4 départements, pris au piège
Quelques lignes dans la presse spécialisée auprès des collectivités territoriales et le piège fonctionnait : les candidatures affluaient, 30 en peu de mois.
"Le laboratoire souterrain, une chance à saisir pour la Haute-Marne" titrait par exemple l’Est Républicain (devenu depuis "JHM") dans son édition du 20 octobre 1993.
Ne restait plus au député qu’à se rendre sur place pour présenter le projet en quelques heures ; d’une part auprès de "représentants" triés sur le volet (élus, consulaires, associatifs) et, d’autre part, auprès des Conseils Généraux… qui votaient leur candidature dans la foulée. Obnubilées par leur mise en concurrence, les différentes assemblées départementales ne voulurent pas voir que les quatre départements précédents (Ain/Aisne/Maine-et-Loire/Deux-Sèvres) venaient d’éconduire le missionnaire Bataille…
Fort d’avoir réussi à trouver des élus consentants, Bataille adressait le 20 décembre 1993 un rapport au gouvernement à qui il proposait de retenir les départements suivants : Gard/Haute-Marne/Meuse/Vienne. Dès le 5 janvier, ce choix était entériné et ouvre la voie à : distribution de 5 millions F par an sur chacun des quatre sites, préliminaires à l’ouverture des chantiers de forages dans les cantons concernés (sous couvert de pseudo-associations), mais également distribution de chèques à tout va aux associations locales (liées au sport, aux écoles, voire aux pompiers, aux gendarmes…). De même lancement de campagnes de communication luxueuses, implantation locale avec création de " maisons de l’Andra ", propagande dans les écoles. Parallèlement, les forages d’étude se multiplient sur les quatre sites ainsi que les achats de terrain avec force tractations secrètes. (À noter que l’Andra acquiert 90 hectares autour de Bure.)
Le refus
Or, malgré la présentation fallacieuse du projet et le rouleau compresseur mis en place, un phénomène inattendu -mais encourageant- se produisit. Des réunions d’information, très souvent à l’initiative d’écologistes (et avec le témoignage des sites antérieurs), ont vu nombre d’habitants se déplacer puis réagir en créant des associations d’opposition au pseudo-labo. Les collectifs citoyens départementaux étaient nés.

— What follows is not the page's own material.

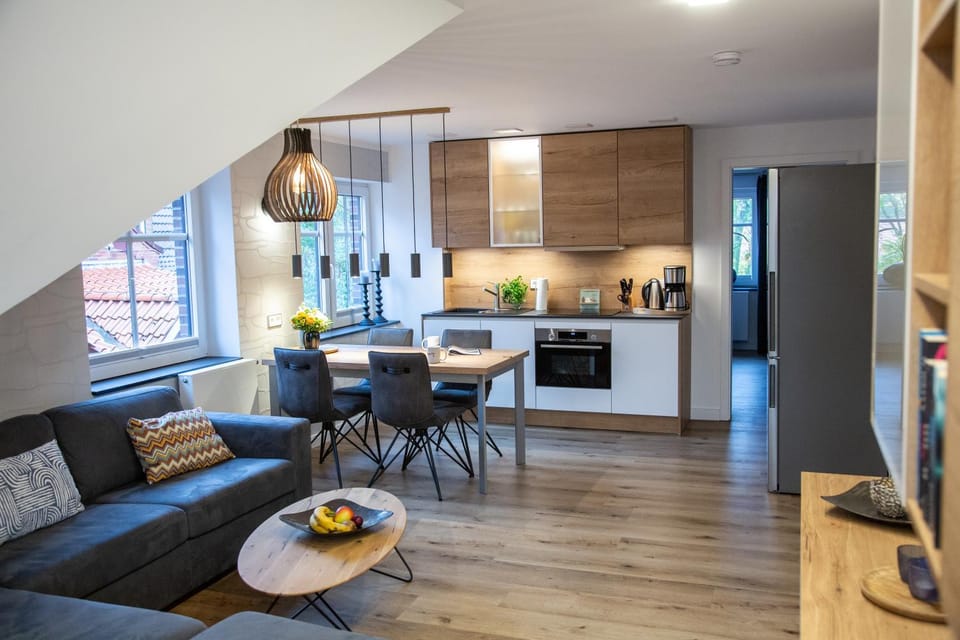 TV and multimedia, Kitchen or kitchenette, Living room, Seating area, Dining area, dishwasher, stove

Très vite sont posées des questions fondamentales, tandis que sont mis en lumière au fil des mois : un refus de débat du promoteur Andra, manque flagrant de transparence, achat des consciences, etc. En un mot, l’entourloupe... Et les collectifs montent au créneau afin de tirer la sonnette d’alarme et de sensibiliser leurs concitoyen(nes). Se succèdent alors pétitions (60 000 signatures), conférences (avec invitation d’experts indépendants), opérations coup de poing, barrages filtrants, nombreuses manifestations de masse, recours juridiques multiples, démarches nationales… Dans le Gard, les viticulteurs réalisent une étude d’impact professionnel qui révèle les aspects négatifs d’une implantation de déchets nucléaires aux côtés de leurs vignes.
Par dizaines, par centaines, les professionnels de santé signent un appel de mise en garde contre l’enfouissement.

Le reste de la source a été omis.